§ EXERCISE DETAILS: The response must contain every line from the records below that has "Print".

- Opening Delimiter -

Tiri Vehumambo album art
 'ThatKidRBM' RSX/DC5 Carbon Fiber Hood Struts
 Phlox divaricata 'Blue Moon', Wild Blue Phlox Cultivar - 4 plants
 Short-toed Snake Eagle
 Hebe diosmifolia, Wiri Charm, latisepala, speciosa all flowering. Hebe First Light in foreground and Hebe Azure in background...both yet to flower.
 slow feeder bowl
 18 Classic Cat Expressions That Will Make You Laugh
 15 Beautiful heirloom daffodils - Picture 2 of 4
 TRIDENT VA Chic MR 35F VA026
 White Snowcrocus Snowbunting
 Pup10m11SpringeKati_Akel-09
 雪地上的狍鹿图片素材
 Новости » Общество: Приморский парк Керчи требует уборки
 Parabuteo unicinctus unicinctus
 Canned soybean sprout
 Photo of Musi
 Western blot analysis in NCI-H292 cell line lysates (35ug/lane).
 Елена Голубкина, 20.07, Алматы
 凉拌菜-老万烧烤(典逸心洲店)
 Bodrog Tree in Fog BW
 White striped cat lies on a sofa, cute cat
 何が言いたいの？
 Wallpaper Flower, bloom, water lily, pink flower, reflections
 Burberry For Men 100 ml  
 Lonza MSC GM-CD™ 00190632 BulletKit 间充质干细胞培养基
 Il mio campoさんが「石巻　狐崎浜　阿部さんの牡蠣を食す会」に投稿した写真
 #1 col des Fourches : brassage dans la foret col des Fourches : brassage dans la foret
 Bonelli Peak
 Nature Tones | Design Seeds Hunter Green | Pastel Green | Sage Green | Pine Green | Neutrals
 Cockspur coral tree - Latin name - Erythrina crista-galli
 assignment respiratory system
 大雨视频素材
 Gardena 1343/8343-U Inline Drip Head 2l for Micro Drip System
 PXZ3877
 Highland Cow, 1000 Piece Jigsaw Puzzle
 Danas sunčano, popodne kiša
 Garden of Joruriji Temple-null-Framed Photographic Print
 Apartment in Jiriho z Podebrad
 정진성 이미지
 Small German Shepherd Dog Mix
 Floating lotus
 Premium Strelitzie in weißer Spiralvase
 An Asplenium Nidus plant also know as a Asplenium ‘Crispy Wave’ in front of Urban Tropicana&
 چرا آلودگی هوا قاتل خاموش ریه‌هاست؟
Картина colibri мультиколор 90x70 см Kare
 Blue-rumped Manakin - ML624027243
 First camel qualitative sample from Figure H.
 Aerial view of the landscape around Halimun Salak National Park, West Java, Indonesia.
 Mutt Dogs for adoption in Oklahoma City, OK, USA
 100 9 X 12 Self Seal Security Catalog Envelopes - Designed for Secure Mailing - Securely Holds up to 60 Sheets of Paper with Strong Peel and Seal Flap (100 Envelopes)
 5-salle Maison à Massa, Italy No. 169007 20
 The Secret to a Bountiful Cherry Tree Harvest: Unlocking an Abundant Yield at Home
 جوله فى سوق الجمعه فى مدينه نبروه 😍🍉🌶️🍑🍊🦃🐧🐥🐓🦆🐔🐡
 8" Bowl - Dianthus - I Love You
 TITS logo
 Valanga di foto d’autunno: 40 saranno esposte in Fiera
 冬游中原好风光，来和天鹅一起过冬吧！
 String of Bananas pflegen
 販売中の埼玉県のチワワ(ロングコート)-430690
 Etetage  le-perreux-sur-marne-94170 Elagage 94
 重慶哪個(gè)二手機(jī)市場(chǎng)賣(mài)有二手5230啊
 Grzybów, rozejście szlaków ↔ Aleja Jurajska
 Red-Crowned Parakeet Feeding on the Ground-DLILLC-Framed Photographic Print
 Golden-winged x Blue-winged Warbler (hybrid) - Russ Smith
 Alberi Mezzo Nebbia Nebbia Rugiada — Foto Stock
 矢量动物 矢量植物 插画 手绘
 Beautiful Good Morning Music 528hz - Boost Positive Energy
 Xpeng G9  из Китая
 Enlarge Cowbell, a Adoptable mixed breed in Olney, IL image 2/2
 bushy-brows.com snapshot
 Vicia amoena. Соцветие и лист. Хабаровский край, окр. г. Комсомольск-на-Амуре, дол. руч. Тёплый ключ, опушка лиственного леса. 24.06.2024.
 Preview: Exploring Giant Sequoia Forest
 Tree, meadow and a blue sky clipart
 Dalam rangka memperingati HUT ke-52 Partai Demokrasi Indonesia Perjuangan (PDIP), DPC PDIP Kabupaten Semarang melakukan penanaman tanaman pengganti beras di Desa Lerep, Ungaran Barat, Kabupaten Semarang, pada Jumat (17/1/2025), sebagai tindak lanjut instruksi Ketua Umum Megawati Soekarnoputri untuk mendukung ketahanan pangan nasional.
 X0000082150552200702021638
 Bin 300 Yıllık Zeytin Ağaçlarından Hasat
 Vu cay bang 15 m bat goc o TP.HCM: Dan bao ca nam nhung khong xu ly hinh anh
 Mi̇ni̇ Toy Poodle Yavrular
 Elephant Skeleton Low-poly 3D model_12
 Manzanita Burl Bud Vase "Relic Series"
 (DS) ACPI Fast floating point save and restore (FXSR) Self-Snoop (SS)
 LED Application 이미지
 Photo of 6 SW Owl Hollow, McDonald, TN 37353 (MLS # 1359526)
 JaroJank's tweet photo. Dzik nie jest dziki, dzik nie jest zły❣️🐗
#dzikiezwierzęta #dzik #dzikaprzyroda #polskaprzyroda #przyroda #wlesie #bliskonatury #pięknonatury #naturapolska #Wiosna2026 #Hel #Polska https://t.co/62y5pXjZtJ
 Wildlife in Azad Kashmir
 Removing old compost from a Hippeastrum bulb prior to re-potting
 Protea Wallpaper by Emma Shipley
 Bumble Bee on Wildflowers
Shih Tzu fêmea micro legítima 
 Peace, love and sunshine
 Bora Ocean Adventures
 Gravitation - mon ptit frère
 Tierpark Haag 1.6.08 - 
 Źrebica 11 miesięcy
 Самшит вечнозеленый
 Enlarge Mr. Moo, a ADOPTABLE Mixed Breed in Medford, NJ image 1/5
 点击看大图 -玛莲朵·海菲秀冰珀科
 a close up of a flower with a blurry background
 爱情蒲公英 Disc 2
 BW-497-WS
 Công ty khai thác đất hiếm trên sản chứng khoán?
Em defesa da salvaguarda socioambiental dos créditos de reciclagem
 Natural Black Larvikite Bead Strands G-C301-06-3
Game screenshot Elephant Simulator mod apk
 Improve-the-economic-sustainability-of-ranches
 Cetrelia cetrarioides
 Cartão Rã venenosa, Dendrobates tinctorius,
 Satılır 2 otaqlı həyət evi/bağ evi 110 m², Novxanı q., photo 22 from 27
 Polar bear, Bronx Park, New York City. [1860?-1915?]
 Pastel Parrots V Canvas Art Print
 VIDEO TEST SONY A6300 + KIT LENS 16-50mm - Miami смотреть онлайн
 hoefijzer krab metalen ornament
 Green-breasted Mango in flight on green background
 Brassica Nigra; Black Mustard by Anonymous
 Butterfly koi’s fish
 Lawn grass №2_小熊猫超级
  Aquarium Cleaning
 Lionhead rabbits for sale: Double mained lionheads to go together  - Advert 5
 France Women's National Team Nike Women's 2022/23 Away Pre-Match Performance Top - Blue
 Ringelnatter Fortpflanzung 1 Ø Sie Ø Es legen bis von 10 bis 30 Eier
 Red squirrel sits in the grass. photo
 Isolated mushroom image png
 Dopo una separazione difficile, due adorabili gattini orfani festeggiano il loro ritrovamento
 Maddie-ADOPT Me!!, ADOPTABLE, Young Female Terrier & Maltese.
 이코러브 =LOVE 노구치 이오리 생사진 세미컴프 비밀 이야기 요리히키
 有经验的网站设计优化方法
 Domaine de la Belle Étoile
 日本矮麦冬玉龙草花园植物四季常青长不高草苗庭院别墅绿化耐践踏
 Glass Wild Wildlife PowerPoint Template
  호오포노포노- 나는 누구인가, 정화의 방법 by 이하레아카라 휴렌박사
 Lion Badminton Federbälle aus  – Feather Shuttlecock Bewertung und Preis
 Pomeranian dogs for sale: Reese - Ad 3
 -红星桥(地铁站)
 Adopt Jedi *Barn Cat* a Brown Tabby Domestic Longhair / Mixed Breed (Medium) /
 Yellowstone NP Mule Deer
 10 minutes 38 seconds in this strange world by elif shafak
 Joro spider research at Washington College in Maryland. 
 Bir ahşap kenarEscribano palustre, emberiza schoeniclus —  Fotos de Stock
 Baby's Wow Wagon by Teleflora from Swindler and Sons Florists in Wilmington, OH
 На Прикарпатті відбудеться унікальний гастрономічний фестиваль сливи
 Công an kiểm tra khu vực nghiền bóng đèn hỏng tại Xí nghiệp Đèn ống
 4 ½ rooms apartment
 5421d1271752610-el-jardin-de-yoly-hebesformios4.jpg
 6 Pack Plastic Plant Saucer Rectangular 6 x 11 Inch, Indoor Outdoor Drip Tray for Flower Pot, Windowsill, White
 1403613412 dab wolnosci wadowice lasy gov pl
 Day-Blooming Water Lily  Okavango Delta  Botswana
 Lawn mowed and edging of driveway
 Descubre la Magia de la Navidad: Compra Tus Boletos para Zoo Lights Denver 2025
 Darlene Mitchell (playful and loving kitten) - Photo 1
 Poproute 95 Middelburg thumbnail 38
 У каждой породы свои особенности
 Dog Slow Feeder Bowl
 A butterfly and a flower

- Closing Delimiter -

§ EXERCISE RESULT:
 Garden of Joruriji Temple-null-Framed Photographic Print
 Red-Crowned Parakeet Feeding on the Ground-DLILLC-Framed Photographic Print
 Pastel Parrots V Canvas Art Print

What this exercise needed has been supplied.